Productivity app maker Evernote was described as waning after it lost several senior executives, engineers and designers in the last month, TechCrunch reported.

CTO Anirban Kundu, CFO Vincent Toolan, chief product officer Erik Wrobel and head of HR Michelle Wagner are no longer at the company. Rather than replace them, other employees appear to be taking on their responsibilities.

Once one of the most popular apps in the productivity category, in recent years the company has faced stiff competition from Apple and Google, which have their own note-taking apps. Evernote was also challenged by start-ups including Bear, which have created alternatives.

It was also hit with controversy in 2016, when it was forced to scrap a privacy policy after users expressed concerns employees would be able to read notes they make using the app.

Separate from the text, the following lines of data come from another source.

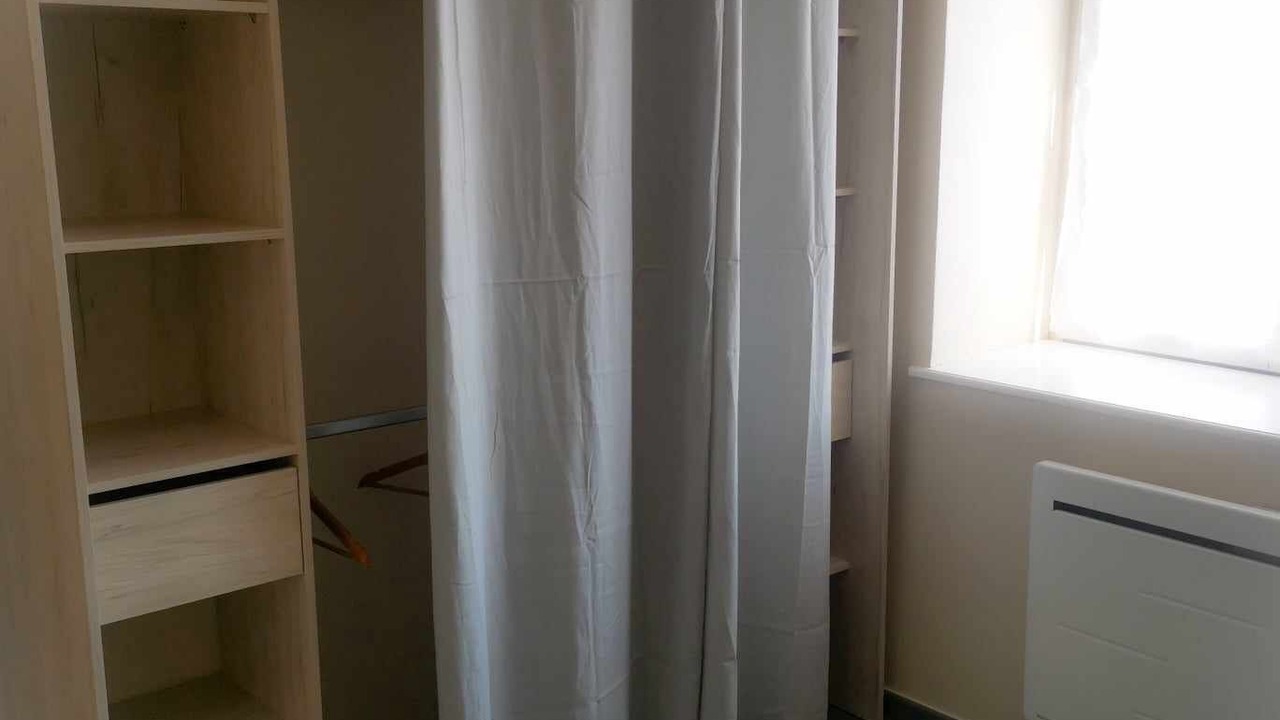 Photo of Bedroom in Saint-Germain-Lespinasse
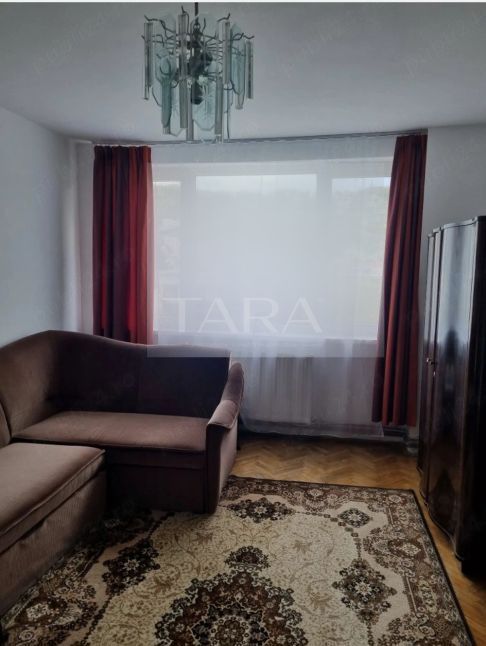 Apartament cu 3 camere și balcon generos, în Grigorescu. - Poză 1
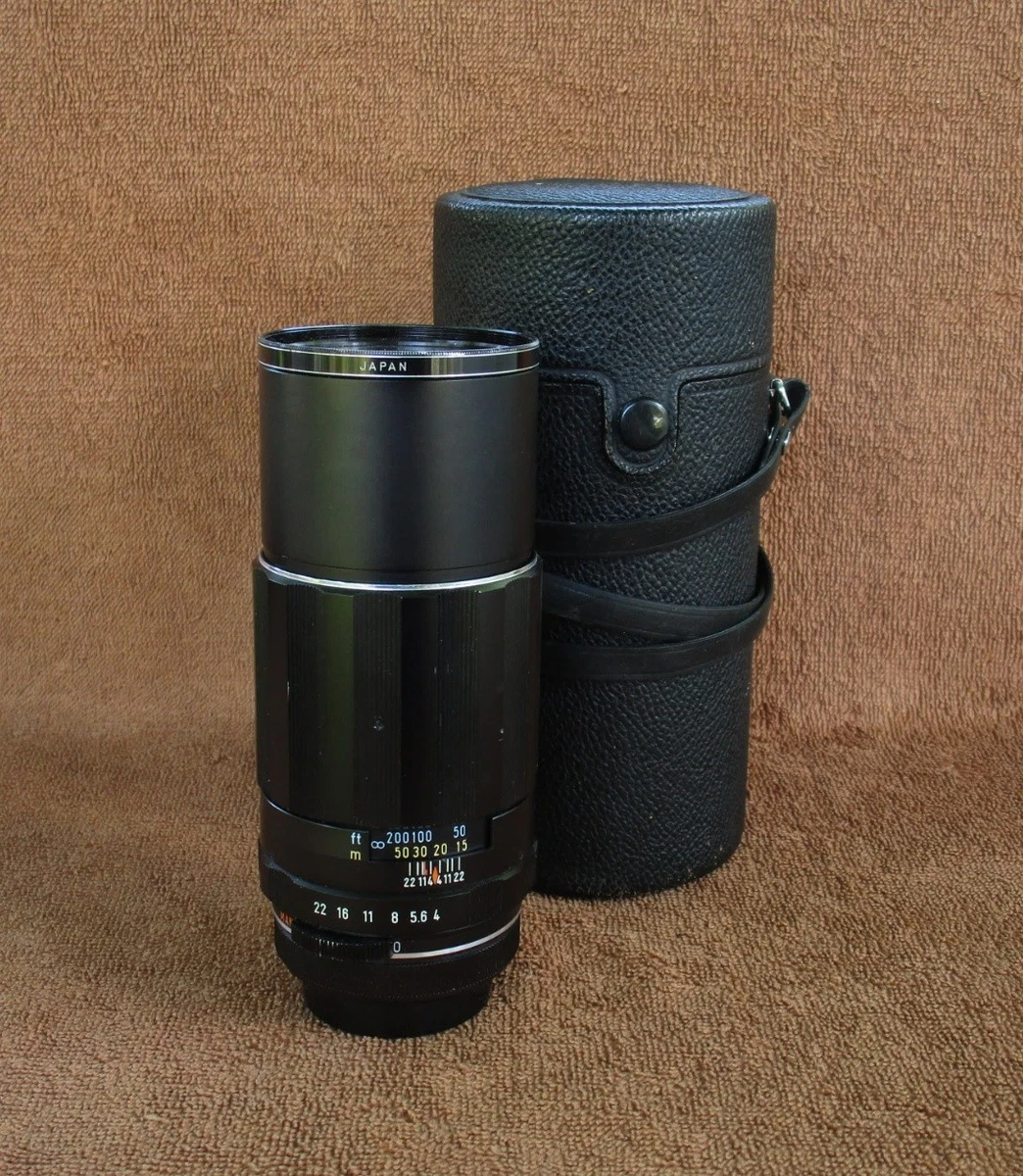 Pentax K1000 Lens In Camera Lenses for sale - eBay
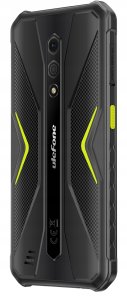 Smartphone Ulefone Armor X12 3GB/32GB (Less Green) bez ładowarki 7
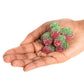 Sour Kids Strawberry, 8 Ounce Bags (Pack Of 2)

The update was meant to roll out in January 2017 and would have seen staff members “exercise oversight of machine learning technologies applied to account content” to develop and improve the service.

A source told TechCrunch the company “is in a death spiral” due to stagnation in paid and active user numbers over the past six years, and a lack of interest in an enterprise product.

TechCrunch noted Evernote is fundraising, a move the publication speculated is designed to deliver an up-to-date valuation. Its current value of $1.2 billion is now seven years old, the news outlet stated.

Meanwhile, in a bid to boost revenue, Evernote is currently offering a discount on its premium membership, slashing its annual subscription price from $70 to $42.